GIVEN RECORDS: Begin
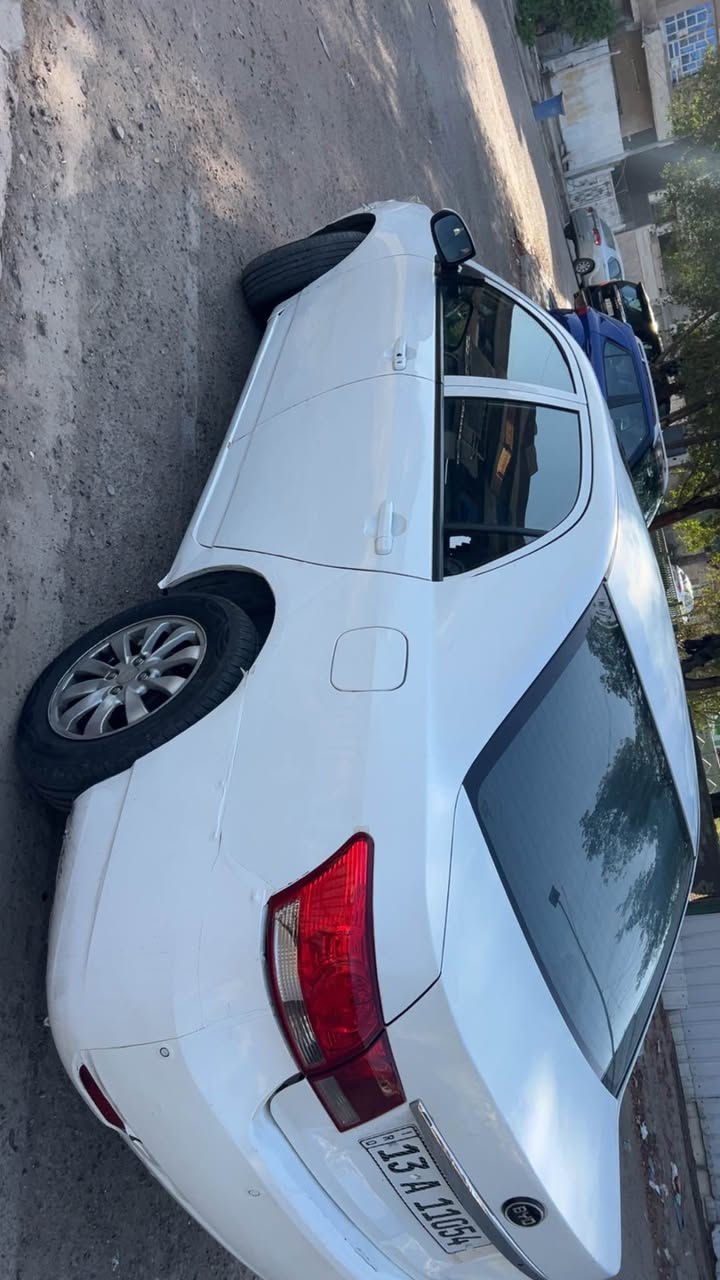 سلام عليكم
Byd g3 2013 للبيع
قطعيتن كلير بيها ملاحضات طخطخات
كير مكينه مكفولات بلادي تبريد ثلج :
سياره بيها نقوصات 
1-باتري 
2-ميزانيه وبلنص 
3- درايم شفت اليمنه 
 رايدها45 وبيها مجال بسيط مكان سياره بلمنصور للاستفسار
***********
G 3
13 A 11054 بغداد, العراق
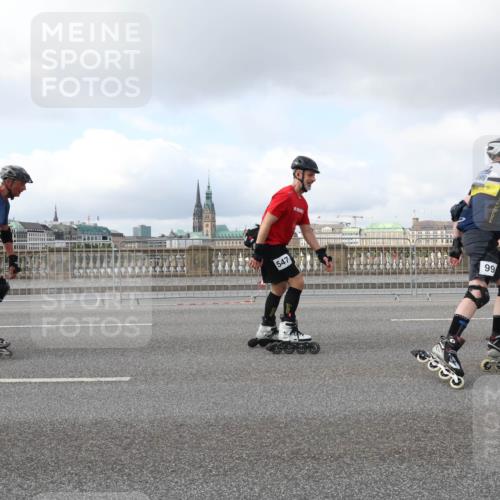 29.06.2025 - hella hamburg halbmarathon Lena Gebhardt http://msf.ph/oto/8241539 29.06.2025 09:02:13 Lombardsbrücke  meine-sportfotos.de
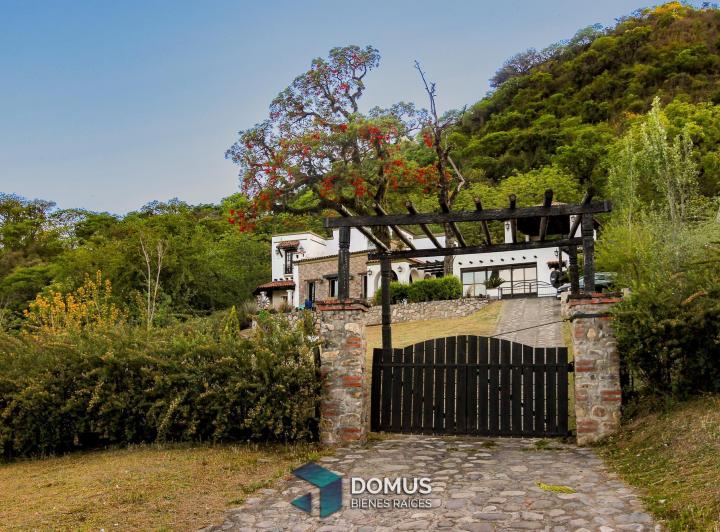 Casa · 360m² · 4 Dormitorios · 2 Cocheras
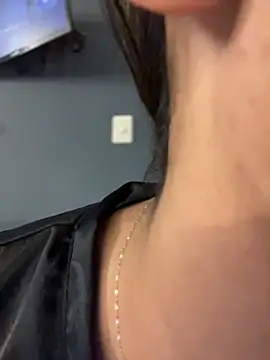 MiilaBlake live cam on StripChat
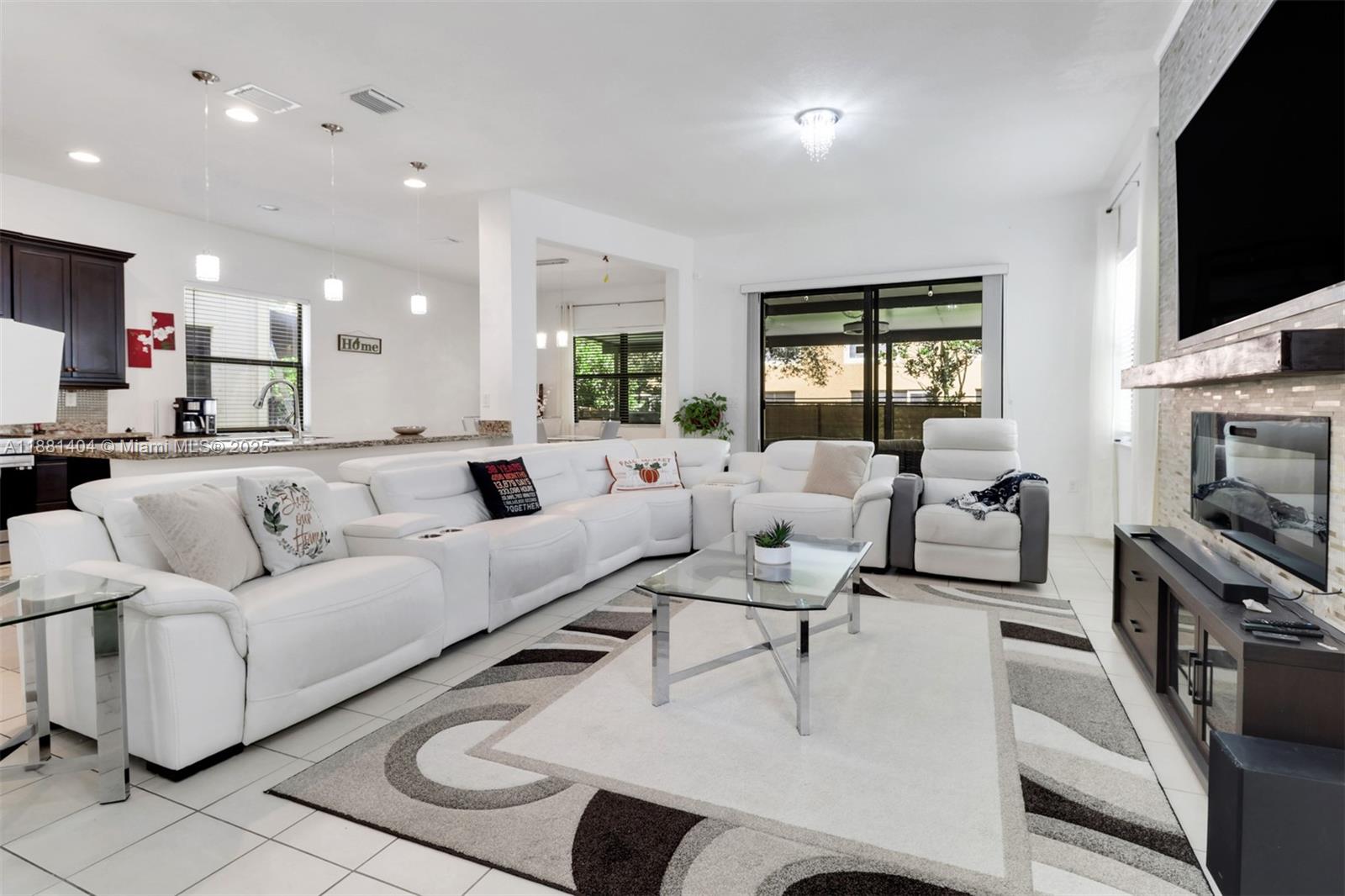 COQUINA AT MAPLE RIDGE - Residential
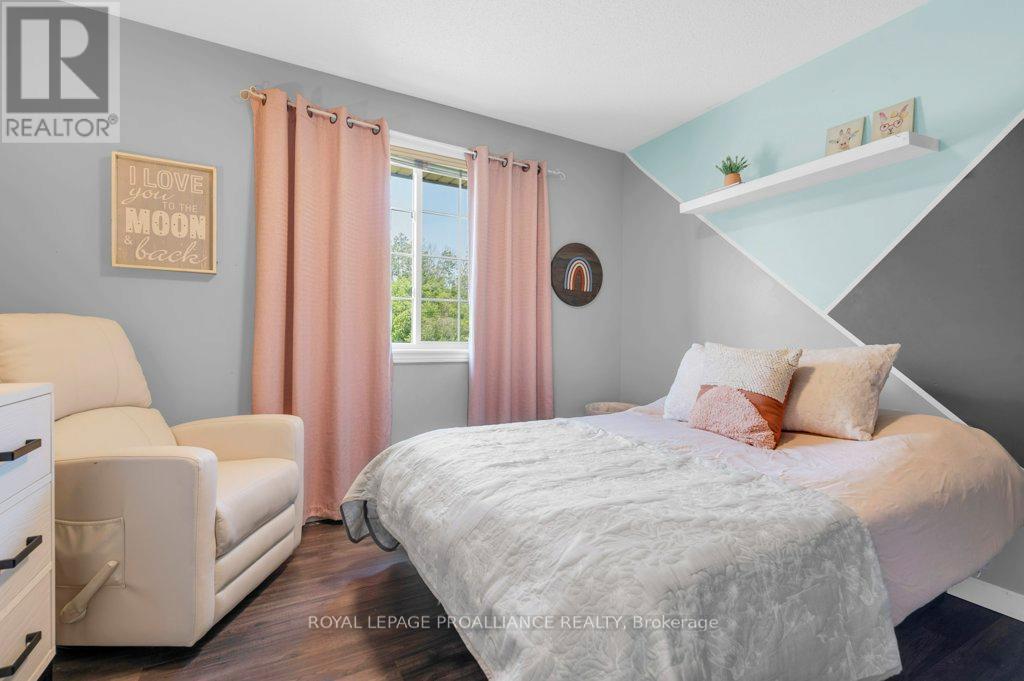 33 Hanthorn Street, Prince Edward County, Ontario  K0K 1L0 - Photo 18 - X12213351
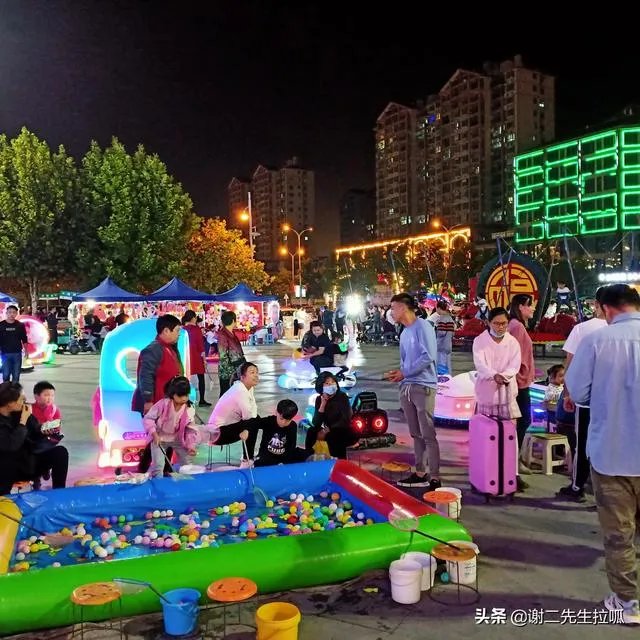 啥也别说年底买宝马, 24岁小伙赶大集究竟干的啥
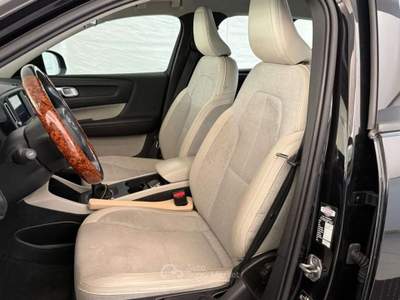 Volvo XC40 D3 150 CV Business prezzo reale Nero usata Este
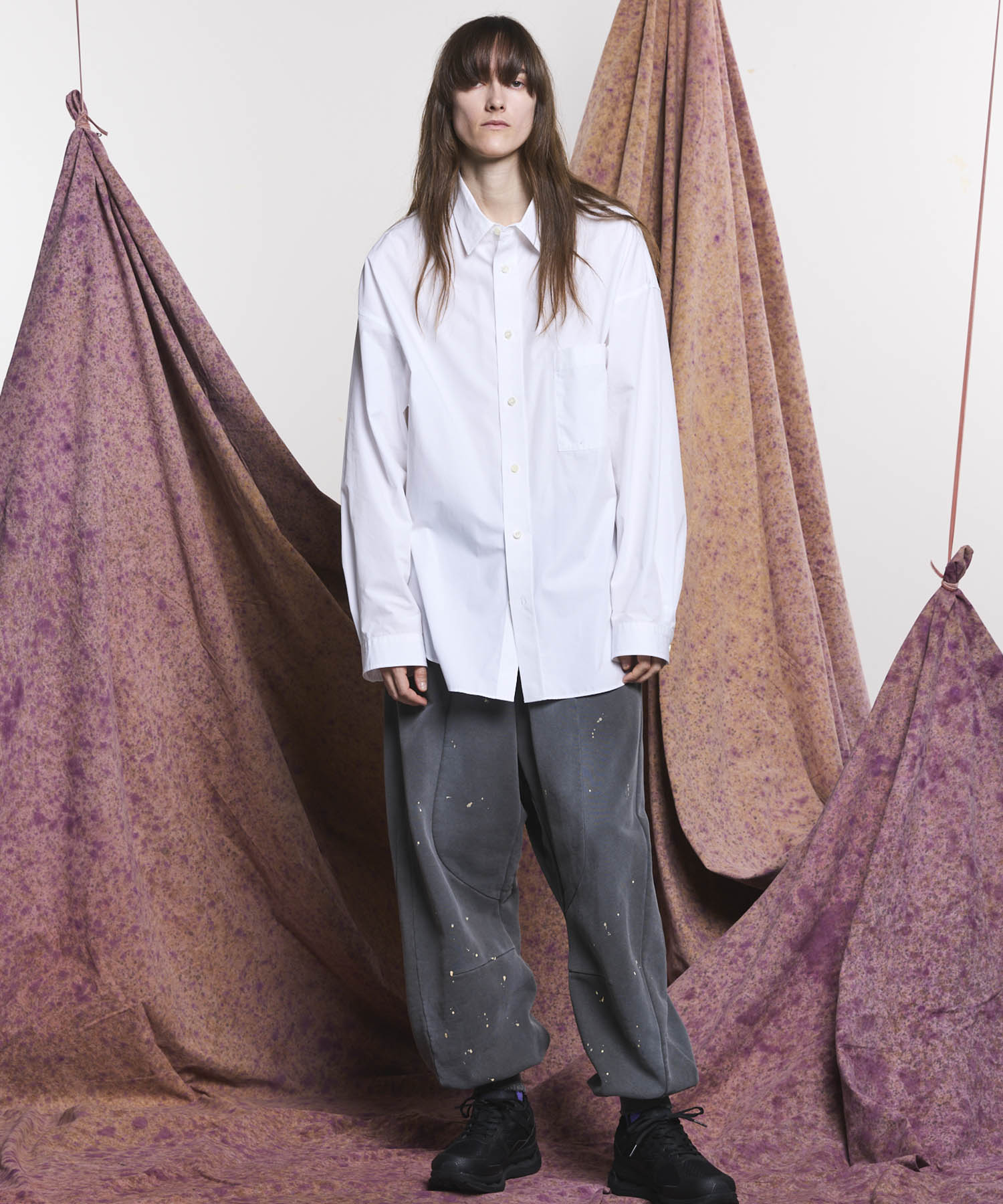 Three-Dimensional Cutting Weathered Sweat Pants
GIVEN RECORDS: End
Where the line with "Volvo XC40 D3" appears in the entries above, begin there and restate every line to the end word for word, minus the pictures.

 Volvo XC40 D3 150 CV Business prezzo reale Nero usata Este
 Three-Dimensional Cutting Weathered Sweat Pants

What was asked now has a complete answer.